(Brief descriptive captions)
↓↓↓

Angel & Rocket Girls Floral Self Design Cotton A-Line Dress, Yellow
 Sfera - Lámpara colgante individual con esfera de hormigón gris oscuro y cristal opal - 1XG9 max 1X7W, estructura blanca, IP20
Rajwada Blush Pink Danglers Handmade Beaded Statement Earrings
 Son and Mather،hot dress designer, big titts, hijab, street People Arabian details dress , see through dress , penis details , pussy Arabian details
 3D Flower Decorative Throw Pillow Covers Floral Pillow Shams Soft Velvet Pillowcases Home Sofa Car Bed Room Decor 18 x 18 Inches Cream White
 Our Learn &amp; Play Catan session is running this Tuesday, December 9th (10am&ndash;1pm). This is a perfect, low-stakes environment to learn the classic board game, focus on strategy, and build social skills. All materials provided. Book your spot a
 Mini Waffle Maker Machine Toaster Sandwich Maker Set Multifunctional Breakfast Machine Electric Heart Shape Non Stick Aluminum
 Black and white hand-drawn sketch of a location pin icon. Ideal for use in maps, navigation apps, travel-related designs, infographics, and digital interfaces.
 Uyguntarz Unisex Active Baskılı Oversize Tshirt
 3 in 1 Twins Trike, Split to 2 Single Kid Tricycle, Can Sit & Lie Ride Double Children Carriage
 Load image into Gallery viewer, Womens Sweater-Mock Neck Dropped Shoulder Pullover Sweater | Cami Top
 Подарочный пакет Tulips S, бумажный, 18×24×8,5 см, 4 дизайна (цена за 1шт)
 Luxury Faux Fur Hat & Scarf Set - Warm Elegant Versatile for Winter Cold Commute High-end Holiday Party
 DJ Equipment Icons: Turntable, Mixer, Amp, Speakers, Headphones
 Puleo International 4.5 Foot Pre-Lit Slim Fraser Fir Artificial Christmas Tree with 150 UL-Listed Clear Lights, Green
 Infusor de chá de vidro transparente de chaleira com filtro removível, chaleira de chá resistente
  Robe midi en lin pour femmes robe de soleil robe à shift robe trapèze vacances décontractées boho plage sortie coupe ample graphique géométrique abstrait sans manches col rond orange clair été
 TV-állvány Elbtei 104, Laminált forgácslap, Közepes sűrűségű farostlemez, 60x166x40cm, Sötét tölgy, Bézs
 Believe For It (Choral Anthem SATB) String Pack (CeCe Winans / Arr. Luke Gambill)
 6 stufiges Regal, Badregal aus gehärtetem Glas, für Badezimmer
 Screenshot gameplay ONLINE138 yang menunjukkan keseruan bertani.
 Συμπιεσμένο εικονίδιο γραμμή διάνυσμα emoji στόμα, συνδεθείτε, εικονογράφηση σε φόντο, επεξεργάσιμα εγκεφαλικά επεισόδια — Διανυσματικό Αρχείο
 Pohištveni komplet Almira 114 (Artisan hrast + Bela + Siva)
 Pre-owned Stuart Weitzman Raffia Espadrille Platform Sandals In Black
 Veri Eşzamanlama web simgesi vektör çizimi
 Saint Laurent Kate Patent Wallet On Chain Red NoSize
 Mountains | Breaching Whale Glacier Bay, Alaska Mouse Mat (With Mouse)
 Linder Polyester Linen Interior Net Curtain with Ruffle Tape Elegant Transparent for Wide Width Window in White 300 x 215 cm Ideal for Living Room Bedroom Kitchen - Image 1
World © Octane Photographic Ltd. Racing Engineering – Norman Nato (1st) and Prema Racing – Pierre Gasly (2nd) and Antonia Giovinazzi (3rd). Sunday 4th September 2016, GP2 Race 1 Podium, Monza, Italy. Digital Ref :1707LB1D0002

↑↑↑

• _WORK REQUEST_:
After locating the line holding "3 in 1 Twins" above, output exactly that line and every line after it through the line holding "TV-állvány Elbtei 104, Laminált". Include nothing else.

• _TASK RESULT_:
 3 in 1 Twins Trike, Split to 2 Single Kid Tricycle, Can Sit & Lie Ride Double Children Carriage
 Load image into Gallery viewer, Womens Sweater-Mock Neck Dropped Shoulder Pullover Sweater | Cami Top
 Подарочный пакет Tulips S, бумажный, 18×24×8,5 см, 4 дизайна (цена за 1шт)
 Luxury Faux Fur Hat & Scarf Set - Warm Elegant Versatile for Winter Cold Commute High-end Holiday Party
 DJ Equipment Icons: Turntable, Mixer, Amp, Speakers, Headphones
 Puleo International 4.5 Foot Pre-Lit Slim Fraser Fir Artificial Christmas Tree with 150 UL-Listed Clear Lights, Green
 Infusor de chá de vidro transparente de chaleira com filtro removível, chaleira de chá resistente
  Robe midi en lin pour femmes robe de soleil robe à shift robe trapèze vacances décontractées boho plage sortie coupe ample graphique géométrique abstrait sans manches col rond orange clair été
 TV-állvány Elbtei 104, Laminált forgácslap, Közepes sűrűségű farostlemez, 60x166x40cm, Sötét tölgy, Bézs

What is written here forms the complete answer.